I’m a romantic(meaning an idealist, but I like romantic things too) at heart, but grudgingly, I’m coming to good terms with life. I try to live fully under the limitation of circumstances that life has placed upon me, just as this quarantine placed me within the four walls of my house. But I learned to be grateful. Thanks to the quarantine, I am able to spend so much time with my family; I can enjoy a cup of coffee in the backyard on a random Wednesday afternoon; I can finish the books that I’ve always wanted to read. I try to cherish every moment as if it is the last one, which leads to my last point - the inevitable end.

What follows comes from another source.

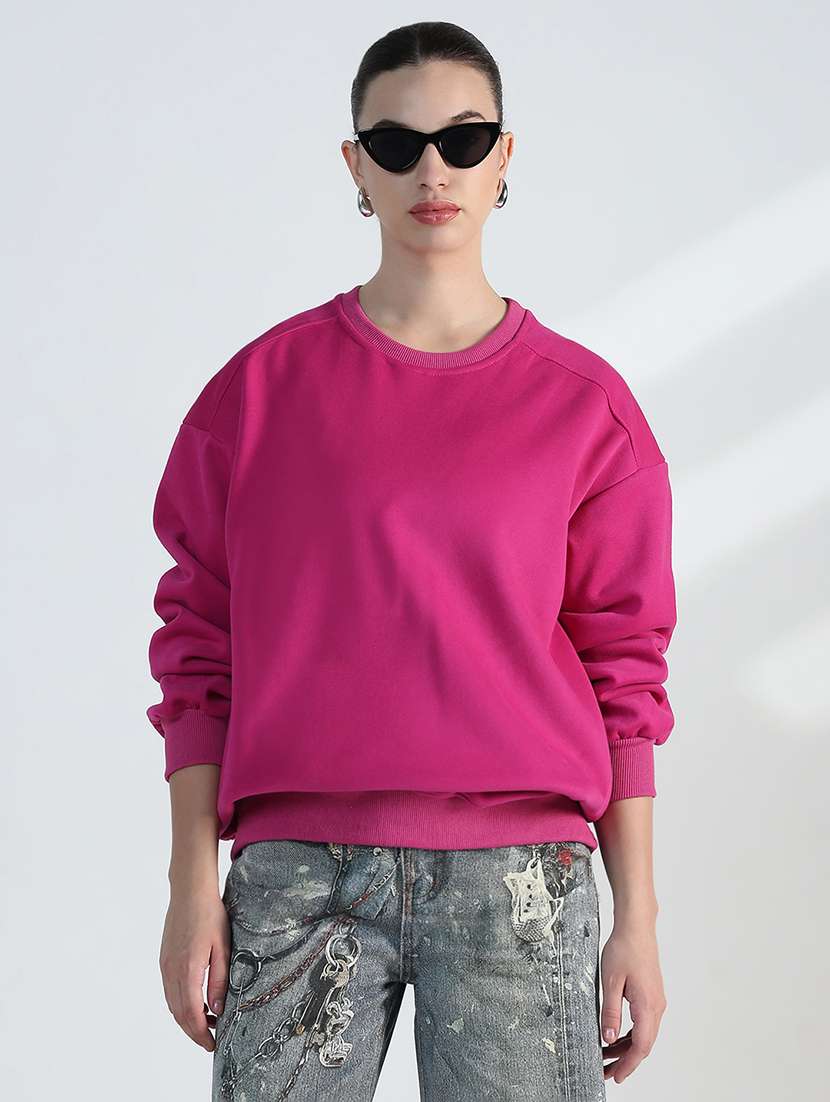 women solid long sleeve loose fit sweatshirt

3. Existential Crisis and the Meaning of Life
Levin started off as an agnostic person. He is well-rounded in the intellectual world - he reads widely in philosophy, literature, sciences… He possesses great knowledge in farming, and he even plans to write a book on the ideal relationship between peasants and landowners. However, he has never thought about the bigger purpose of life - Who is he? What is here to do? Until he witnesses his dear brother passing away, he is finally awakened from the fleeting existence called life. He was suddenly overwhelmed by an existential crisis: he realized that no matter how much money he owns or how accomplished he is in farming, he still couldn’t escape from the inevitable end, death. A sense of horror creeps on him - he lost interest in anything, even his own life.
This is a shared experience for all human beings. Right now, with the coronavirus crisis, a lot of our plans got disrupted and our whole lifestyle has changed completely, we might wonder - why did we try so hard when our life could simply be destroyed by something out of our control? If life ends anyways, what is the purpose of living it? And how should we live it?

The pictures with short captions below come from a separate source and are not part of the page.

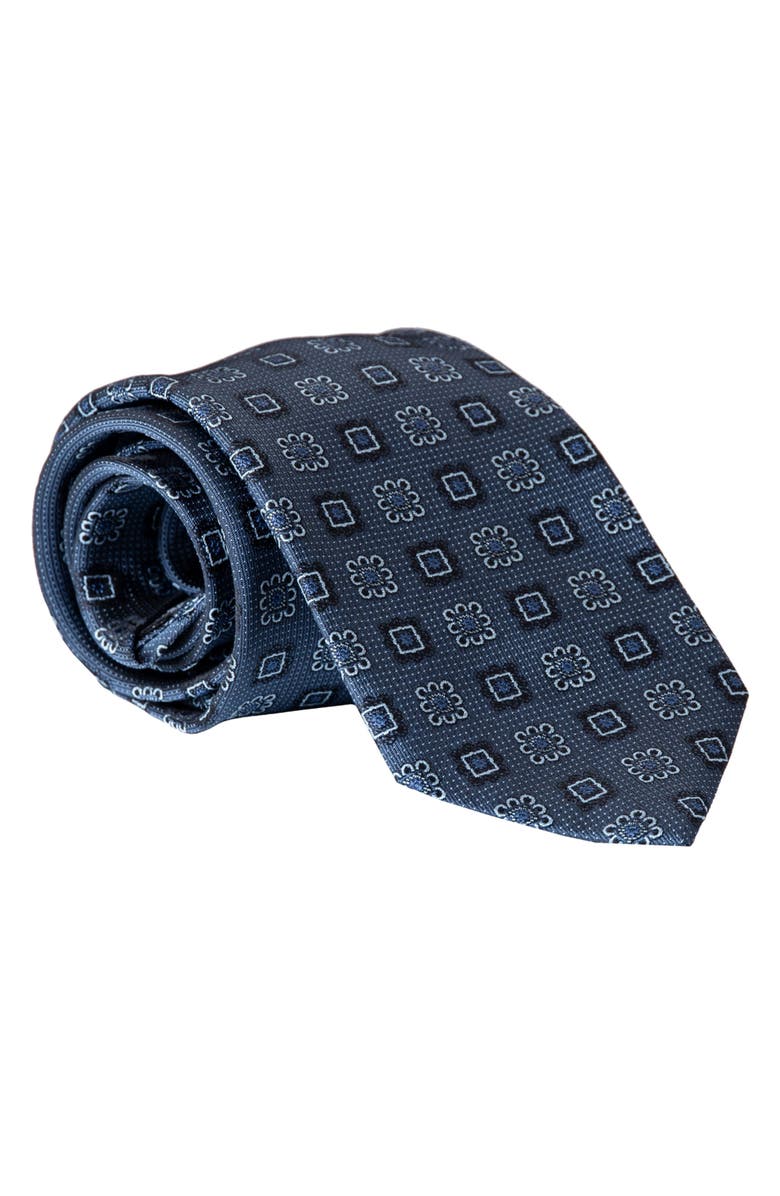 Elizabetta Trento - Extra Long Silk Jacquard Tie for Men, Main, color, Blue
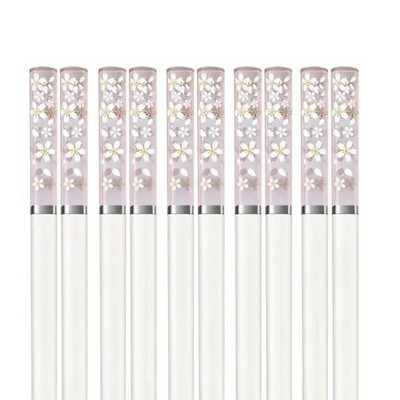 1/5/10 Pár Borostyán Sakura Evőpálcika Cseresznyevirág Szirmok Minta Csúszásmentes Sushi Stick Evőpálcikák Környezetbarát Ételpálcikák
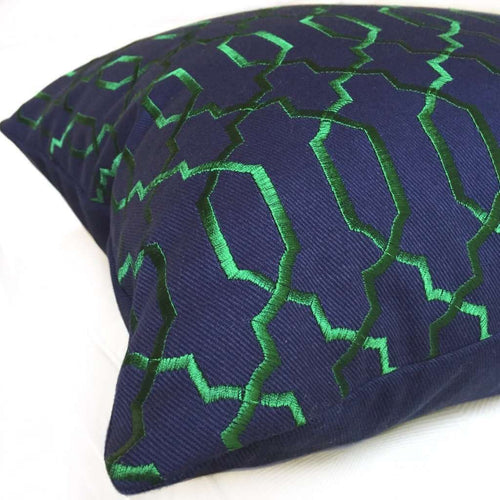 Elysa Navy Blue Emerald Green Embroidered Lattice Fretwork Pillow Cove –  Aloriam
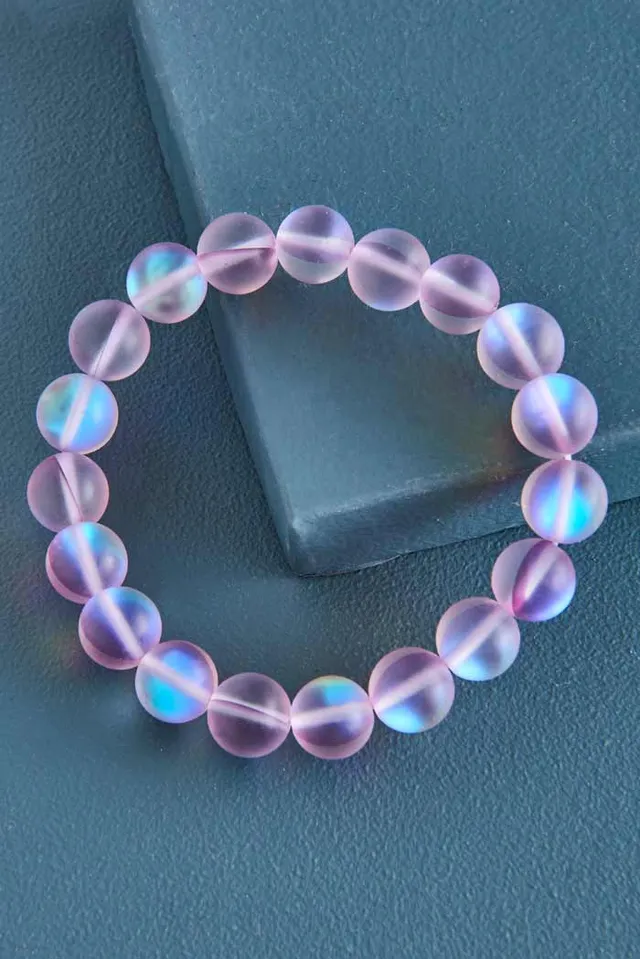 Earthbound Trading Balanced Aura Beads Bracelet in Clear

In the story, Levin lives on, without thinking too much about the meaning of life. Eventually, he gets married, has a beautiful child and finds his purpose in God. I’m not saying that you should lean into religion. We all have different reactions to our shared existential inquiry: some become hedonist and live a carefree life, some find themselves through God, and some are afraid and avoid thinking all their lives. There is no answer to “what is the meaning of life” because it varies for each individual. However, reading this novel and encountering Levin who is experiencing the same kind of confusion, and seeing how he finally finds an answer is a very heart-warming experience. That is also one reason why I like reading novels - I get to come across paths with all these different characters and understanding their journeys.

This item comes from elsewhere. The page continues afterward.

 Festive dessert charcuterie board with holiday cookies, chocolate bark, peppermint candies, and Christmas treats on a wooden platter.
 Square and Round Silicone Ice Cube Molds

I’ll end this article by leaving you a quote by Levin, “I'll get angry in the same way with the coachman Ivan, argue in the same way, speak my mind inappropriately, there will be the same wall between my soul's holy of holies and other people, even my wife, I'll accuse her in the same way of my own fear and then regret it, I'll fail in the same way to understand with my reason why I pray, and yet I will pray--but my life now, my whole life, regardless of all that may happen to me, every minute of it, is not only not meaningless, as it was before, but has the unquestionable meaning of the good which it is in my power to put into it!”
Life is a constant journey of searching for meanings and improving ourselves. I hope after reading this, you will give Anna Karenina a read!